Quella di ieri è stata una delle giornate più drammatiche per il governo Conte. Non solo per la quantità dei contagi o dei morti, per le rivolte popolari scatenatesi a Napoli e per il grido di dolore che si alza da un numero sempre maggiore di ospedali. È stato il giorno in cui è balzata agli occhi di tutti l’incapacità del governo di decidere. Una paralisi aggravata dal fatto che lo scoglio è lo scontro con le regioni, il cui rappresentante, Stefano Bonaccini, governatore dell’Emilia-Romagna, è uno che dovrebbe essere dalla parte del governo visto che è del Pd. Invece no. Bonaccini ha messo nero su bianco in una lettera che gli amministratori locali non vogliono sentire le solite ricette paternalistiche. Chiedono fatti ai quali l’esecutivo non è stato in grado di rispondere.
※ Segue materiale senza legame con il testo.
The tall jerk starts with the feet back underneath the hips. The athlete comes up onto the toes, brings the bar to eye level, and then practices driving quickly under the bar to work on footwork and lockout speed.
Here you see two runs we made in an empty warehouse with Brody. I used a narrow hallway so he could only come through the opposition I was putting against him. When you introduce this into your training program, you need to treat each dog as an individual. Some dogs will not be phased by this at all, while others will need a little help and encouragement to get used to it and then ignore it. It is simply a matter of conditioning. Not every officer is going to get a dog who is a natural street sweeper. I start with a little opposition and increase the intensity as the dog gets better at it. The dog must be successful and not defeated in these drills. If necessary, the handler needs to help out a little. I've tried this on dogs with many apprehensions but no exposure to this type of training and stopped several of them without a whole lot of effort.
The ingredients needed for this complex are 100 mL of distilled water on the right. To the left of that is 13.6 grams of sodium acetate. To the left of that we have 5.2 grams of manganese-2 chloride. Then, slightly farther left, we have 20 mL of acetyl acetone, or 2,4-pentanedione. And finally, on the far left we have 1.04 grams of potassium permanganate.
Il confronto tra la lettera di Bonaccini e la bozza di Dpcm uscita da Palazzo Chigi e più volte rimaneggiata nell’arco della giornata chiarisce le differenze tra le opposte visioni. Il governo vuole un coprifuoco di fatto: chiusura di bar e ristoranti alle 18 e tutta la domenica, chiusura di piscine, palestre, sale gioco, cinema e teatri, didattica a distanza al 75% nelle scuole superiori e una serie di misure “fortemente raccomandate”: non ospitare estranei a casa, non uscire dal proprio comune di residenza, eccetera. Eventuali risarcimenti alle attività danneggiate dalle chiusure saranno decisi più avanti. I problemi della sanità e dei trasporti vengono scaricati sulla scuola e su settori economici che hanno già sofferto, hanno dovuto investire per adeguarsi alle nuove norme e adesso sono ancora costretti a sprangare gli ingressi.
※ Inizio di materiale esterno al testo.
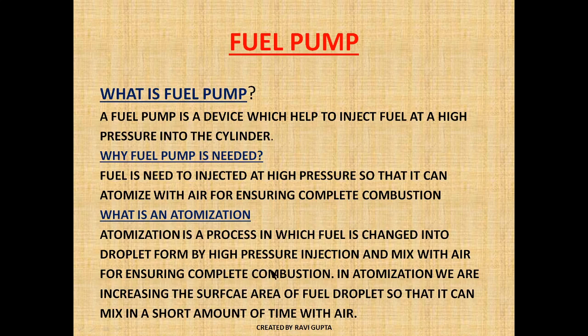Atomization is the process in which fuel is changed into droplet form by high pressure injection and mixed with air for ensuring complete combustion. By changing the fuel into droplet form, we are increasing the surface area of the fuel. As the surface area increases, it gets readily mixed with the air in a very short amount of time.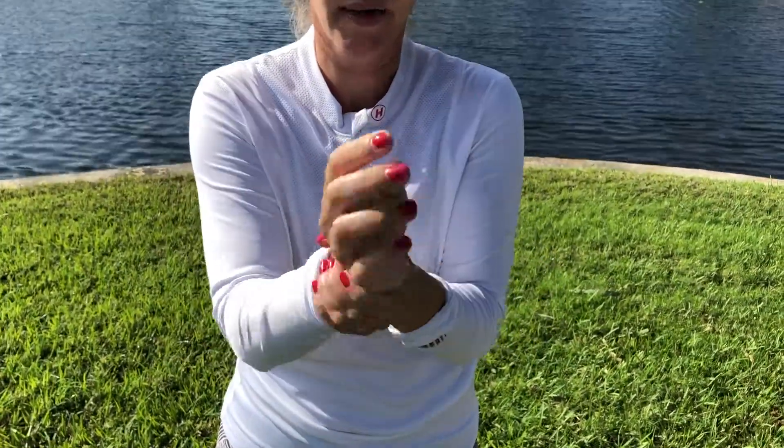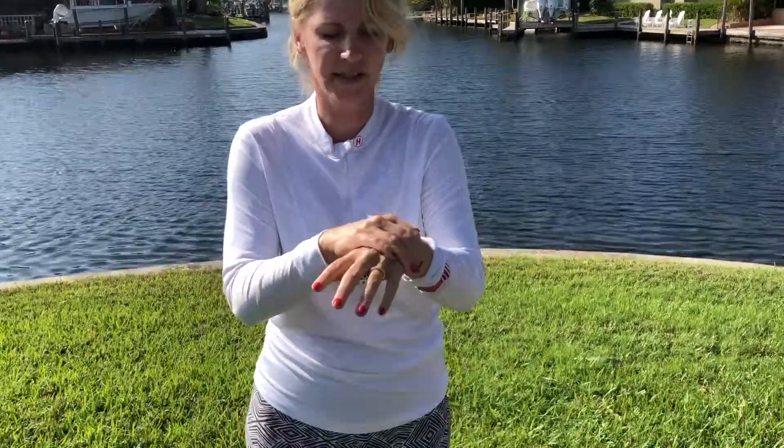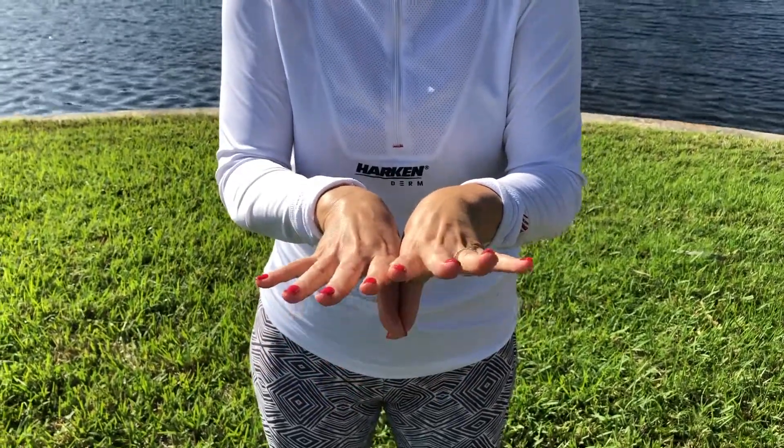As you can see, I already have my UPF clothing and I prefer to cover as much surface of my body as possible, but I just need to protect areas that I can't cover because I prefer not to go running with gloves. It goes on really nice — one application goes far. You can see that it absorbs really well and it will last all day long.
La Conferenza delle regioni invece chiede tutt’altro: bar chiusi alle 20 e ristoranti alle 23, aperture domenicali, libertà per i centri sportivi e di ritrovo con la sola eccezione dei centri commerciali nel fine settimana, didattica a distanza nel 100% delle superiori. Ma soprattutto le regioni pongono due questioni ignorate dal governo: il “ristoro” per le attività economiche colpite dalle chiusure e una svolta nella campagna di tamponi finora fatti a tappeto, mentre – secondo le regioni – dovrebbero essere limitati ai sintomatici e loro familiari per evitare il collasso della sanità.
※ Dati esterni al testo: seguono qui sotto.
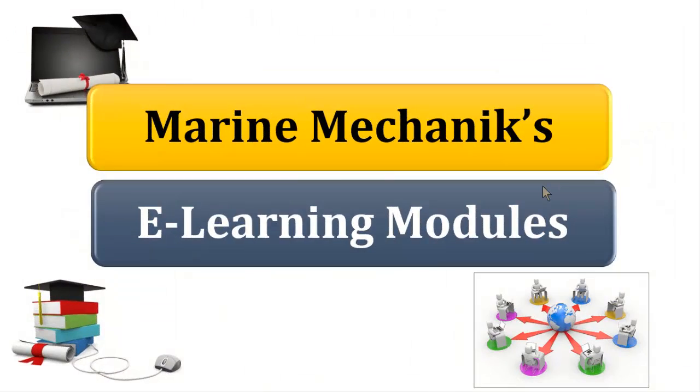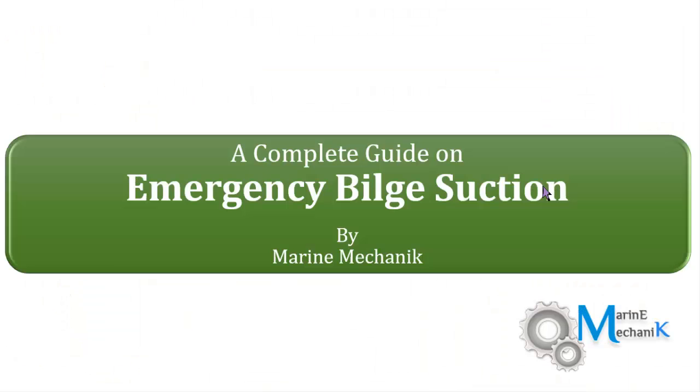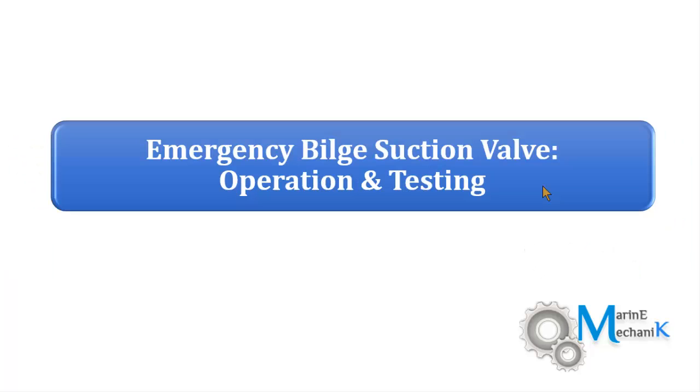Welcome back to Marine Mechanics e-learning module. The first module is on emergency bilge suction — the complete guide. The question is: how do you operate and test the emergency bilge suction valve? I have a great experience from a yard delivery where Korean engineers tested the emergency bilge suction valve, and I'm going to share that experience through this video. This is the procedure you need to explain to surveyors when asked.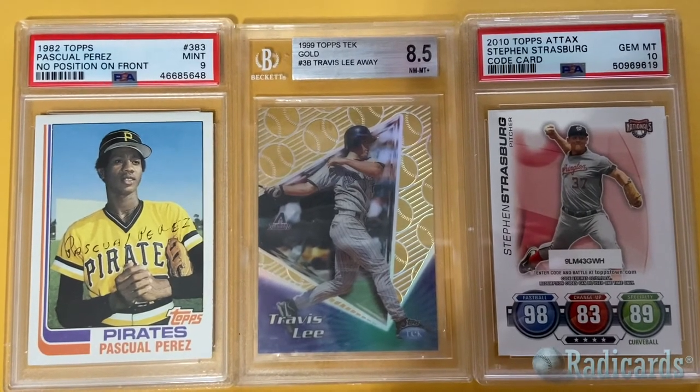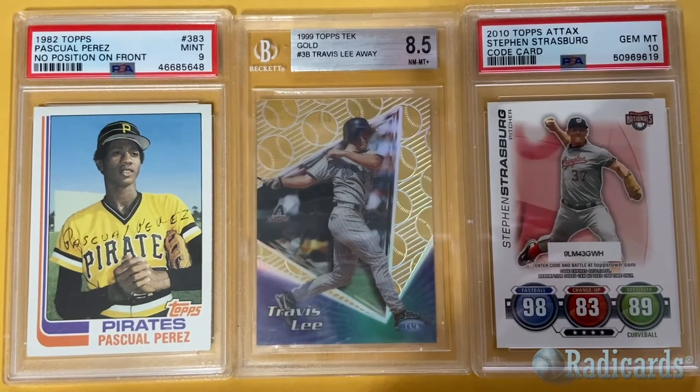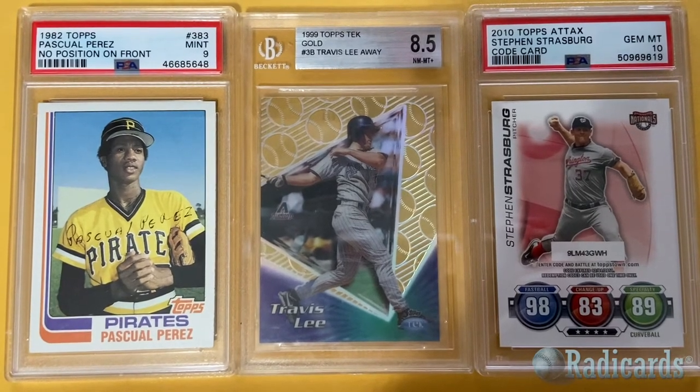More miscellaneous stuff from my desk. We got the '82 Topps no-position-on-front variation — a card I've always wanted. That card's great to have.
I palazzi romani vorrebbero usare gli stessi strumenti di marzo, cioè le chiusure progressive e nulla più; invece chi ha il polso della situazione reale vede le difficoltà della gente, soprattutto di chi non ha un lavoro fisso o tutelato, ma anche i drammatici problemi delle strutture di sanità pubblica. A marzo fu evidente la carenza di letti e attrezzature per le terapie intensive, e le regioni dove la medicina del territorio era meglio organizzata resistettero con più efficacia alla diffusione del virus. Oggi fortunatamente abbiamo molti meno ricoveri, anche per casi gravi, ma è andata in crisi proprio quella medicina di base che doveva garantirci protezione. Ospedali, pronto soccorso e ambulatori sono presi d’assalto per un po’ di febbre, per i vaccini antinfluenzali, per i certificati medici (ogni tampone ha bisogno di una prescrizione), per fare i tamponi molecolari e quelli rapidi, e naturalmente devono assistere tutti gli altri malati che reclamano il sacrosanto diritto di non essere lasciati indietro. In molti ospedali sta tornando l’emergenza e al personale si chiedono nuovi sacrifici per turni aggiuntivi, visto che parecchi tra medici e infermieri, il cui numero è già insufficiente, sono costretti a restare a casa.

Sembrava che Giuseppe Conte dovesse annunciare il nuovo giro di vite già ieri sera. Dovrebbe farlo oggi, se il braccio di ferro con le regioni sarà risolto. Il lavoro di mediazione sarà lungo e tortuoso. Resta la fotografia di ieri, con il caos che si sta impadronendo anche degli ambienti che dovrebbero mantenere la lucidità di decidere per il meglio.